That's very useful, thanks. Your guess as to my assumption was 100% correct. I presume, therefore, that the Kamailio community have no ambitions to become more "app"y. To be honest, I can quite sympathise with that. I will follow up on your other message as soon as I get a chance.
Hi Alex,
On 02/04/2014 04:52 AM, Alex Lake wrote:
Just trying to get to grips with Kamailio and thought I'd say hello to you all...
Thank you, and welcome to the list and the community!
Not sure if this is of any interest, but I've found it quite hard to get into Kamailio compared to (say) Freeswitch. This is not meant as criticism at all, but if you're looking to make it easier, I may be able to help!

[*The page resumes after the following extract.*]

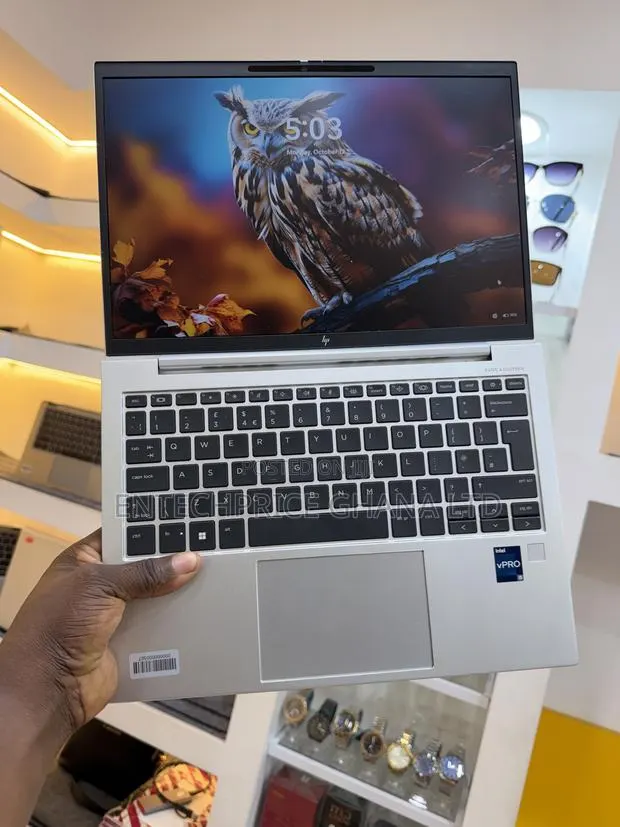 Laptop HP EliteBook 830 G9 16GB Intel Core i5 SSD 256GB · Photo 1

In all fairness, the comparison to something like Freeswitch is a little unwarranted. Kamailio is commonly assumed by newbies to be a finished application product, but it's not; it's really something that should be regarded more as an SDK or a toolkit than as an off-the-shelf piece of OSS VoIP software.
It has a proxy service core, but it doesn't doesn't do anything nontrivial out of the box, isn't intended to, and some programming ability and reference reading is required to make it do what you want. :-)
What I'm trying to do is have a SIP load-balancer such that I can have a set of Freeswitch servers that can have traffic routed to them on a controlled basis, allowing me to point certain accounts at certain servers and take individual servers out of service for upgrade etc.
I think this is SIP server redirection. If there was an example of how to do it - eg. what files need to be changed, any database entries, etc. that would be most useful. Unfortunately, all my Googling/list searching so far has only come up with questions that were either badly worded or not answered. Happy to turn anything I come up with into a beginner-friendly case-study.
This can be (and elsewhere in the industry, often is) done using redirection, but the easier way is probably just to keep Kamailio in series--that is, keep the proxy in the signaling path between the caller and your Freeswitch servers. If Kamailio is able to maintain all the state, this lends itself easily to use of the 'dispatcher' module:
http://kamailio.org/docs/modules/4.1.x/modules/dispatcher.html
... which is designed specifically for load-balancing applications.